13 Apr Beyond the Romance of Community: Envisioning Queer Collectivity, Contesting Racial Capitalism
Miranda Joseph (Gender and Women’s Studies, University of Arizona)
Thursday, April 13, 2017 / 4:00 PM
McCune Conference Room, 6020 HSSB
This talk begins with a review of the extensive critiques of community offered by Joseph and other scholars of critical and cultural theory. While earlier analyses focus on the racist and exclusionary implications of community, these works examine deployments of community as a supplement to capitalism and neoliberal governmentality. Meanwhile, there have been widespread efforts in critical and cultural theory to articulate visions of collectivities that would not be liable the earlier concern. Guided by José Esteban Muñoz’s rich, sophisticated, and persistent contributions to the effort to envision such alternatives, and especially queer-of-color collectivities, this presentation surveys the various theoretical resources and terms on which he drew, from publics and counterpublics to affect to commons. Finally, this presentation explores how those efforts engage the relation of the collectivity to capitalism and governance.
Miranda Joseph teaches feminist, Marxist, poststructuralist and queer theory, cultural studies methods, and LGBT Studies. Her research uses the tools of cultural studies to theorize the relationship between economic processes and social formations.

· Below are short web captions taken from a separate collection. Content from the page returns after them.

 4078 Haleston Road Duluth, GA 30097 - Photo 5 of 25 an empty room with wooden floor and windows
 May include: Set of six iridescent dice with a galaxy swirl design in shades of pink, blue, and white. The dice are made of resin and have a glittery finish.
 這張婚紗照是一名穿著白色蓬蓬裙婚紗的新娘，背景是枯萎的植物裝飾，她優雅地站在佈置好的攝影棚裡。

She is the author of Debt to Society: Accounting for Life Under Capitalism (2014), which explores modes of accounting as they are used to create, sustain, or transform social relations, and Against the Romance of Community (2002), which examines the supplementary relation of community with capitalism in the context of political debates over LGBT art and culture and the discourses and practices of NGOs. She has undertaken many administrative and faculty leadership roles, including Chair of the university’s Strategic Planning and Budget Advisory Committee, 2007-2009. She is currently Co-chair of the Program Committee for the Cultural Studies Association 2016 conference. She received her PhD in Modern Thought and Literature at Stanford in 1995.
Sponsored by the IHC’s Community Matters series.